Opinion
No. 89-263.
November 21, 1989.
Appeal from the Circuit Court, Dade County, Richard Y. Feder, J.
Stanley Jay Bartel; Buchbinder Elegant and Ira M. Elegant, and Harris Buchbinder, Miami, for appellant Thomas R. Ugarte, M.D., P.A.
Hertzbert Malinski and Deborah Marks, Miami, for appellee.
Before HUBBART, LEVY and GERSTEN, JJ.
REVISED OPINION
We withdraw the Opinion dated September 12, 1989, and substitute in its stead the following:
As a part of dissolution proceedings, respondent husband and husband's professional association (P.A.) challenge a non-final order authorizing an earlier-appointed receiver "to take over total and complete operation of the business portions" of husband's P.A. We affirm.
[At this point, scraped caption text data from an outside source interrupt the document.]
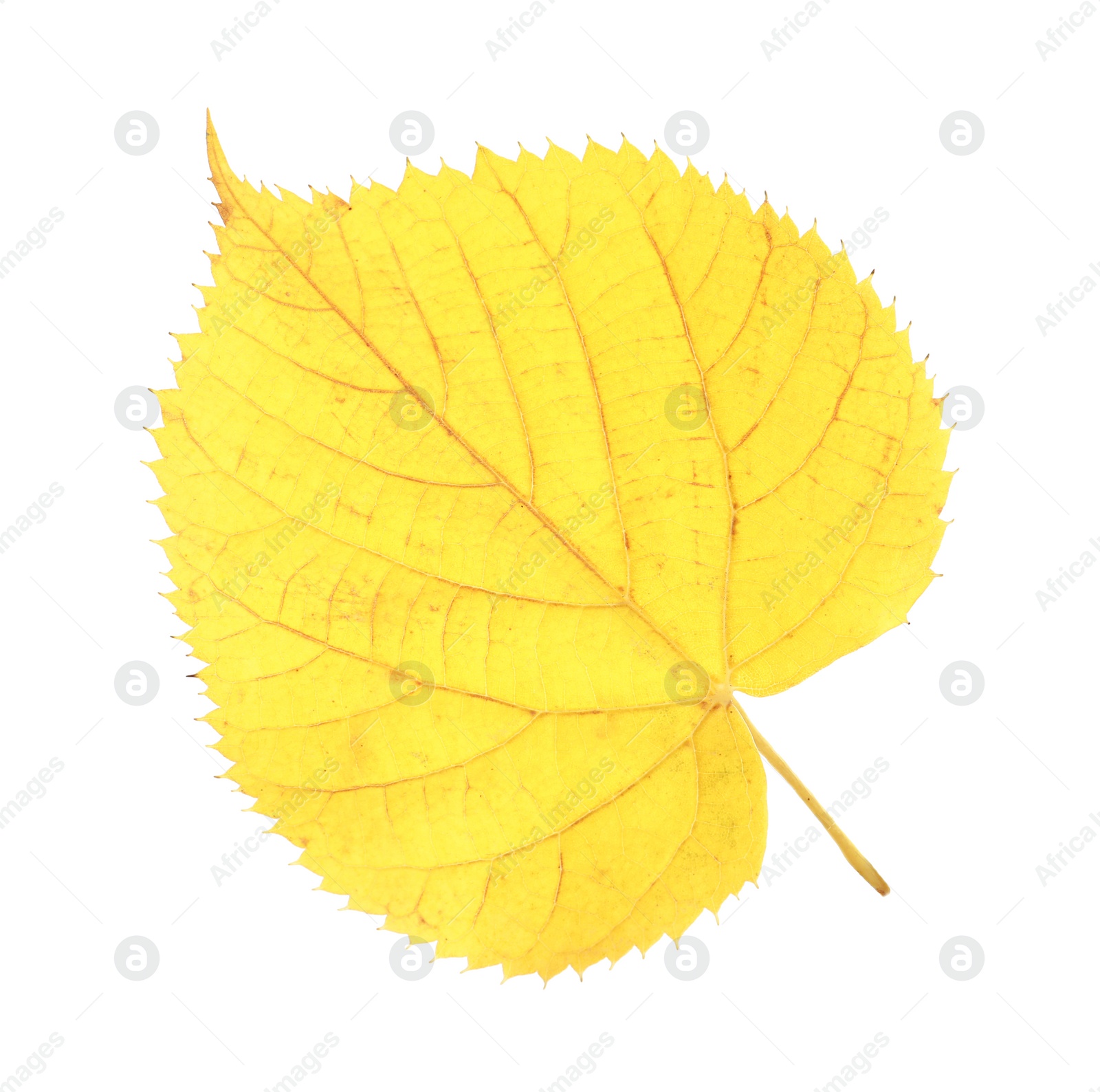 Photo of Beautiful autumn leaf on white background. Fall foliage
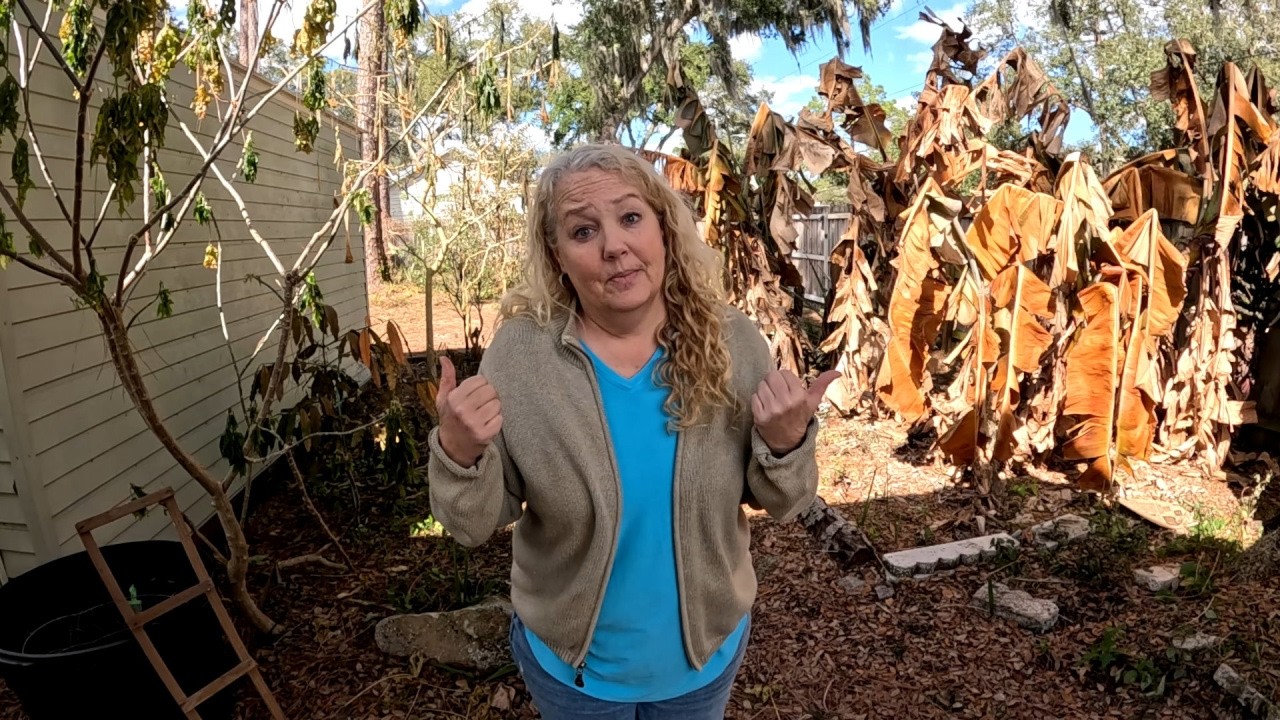 10 Lessons Learned in the FLORIDA FREEZE | Southern Latitudes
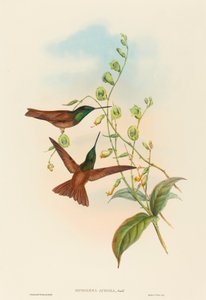 Diphogena aurora (قوس قزح جولد)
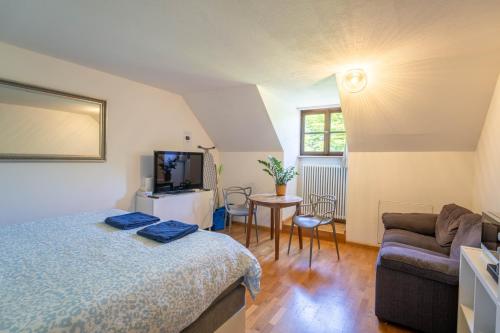 Studio 10 Rhine View - Quiet and Cozy - 10min walk to City Center, 15min to Main Station
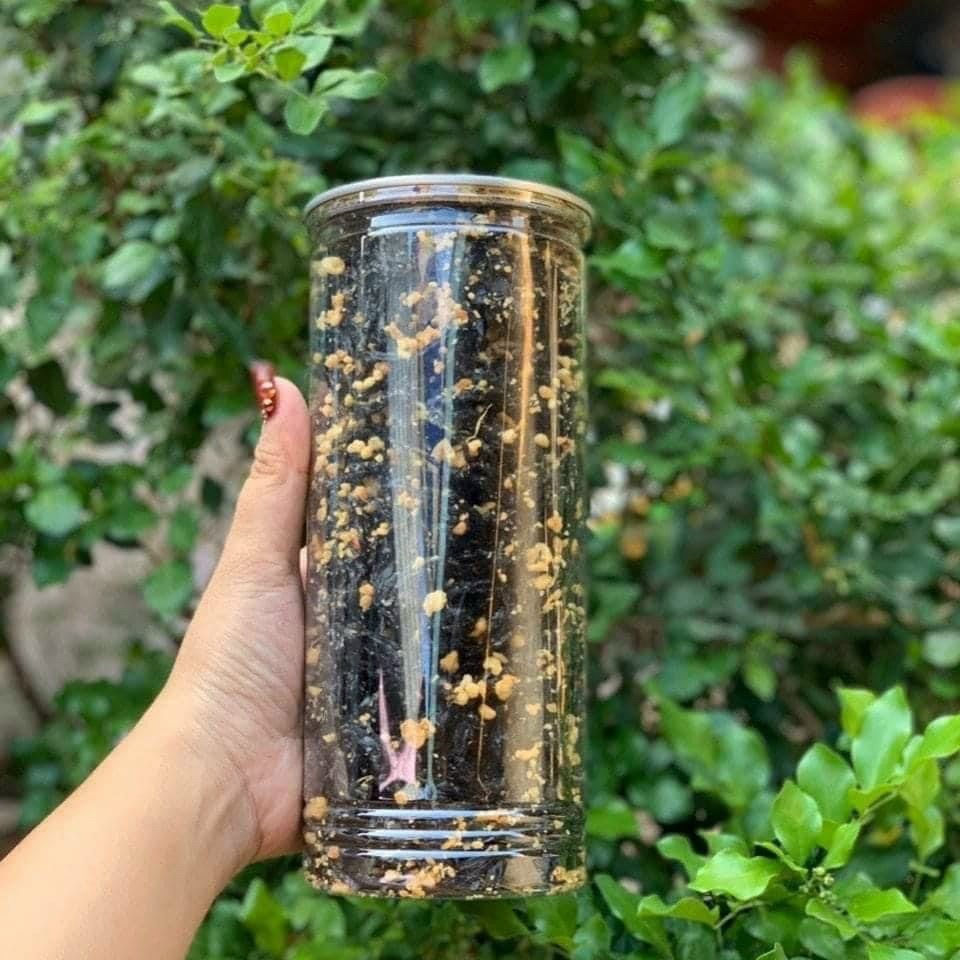 RONG BIỂN CHÁY TỎI 200G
After seventeen years of marriage, appellee wife petitioned the trial court for a dissolution of marriage and other relief. In addition to the wife's request for custody of and support for the couple's four minor children and her request for alimony, she also claimed an interest in her husband's ophthalmological P.A., alleging that the husband was the sole shareholder, that the P.A. was his alter ego, and that the P.A. held considerable real and personal property which had been generated and derived as a result of, and during, the marriage and, to this end, she joined the P.A. as a named "defendant." While he was appealing certain awards to the wife of temporary alimony and child support, the husband moved for the appointment of a "receiver". His motion listed certain assets. Conspicuous in its absence from this list, however, was the husband's P.A., and, noting this absence, the wife objected on the ground that excluding the P.A. from the receiver's reach allowed the husband to control the P.A.'s very considerable earnings and to continue his alleged practice of intentionally reducing the salary that he received from the P.A., thereby reducing the funds available to him to meet his support obligations.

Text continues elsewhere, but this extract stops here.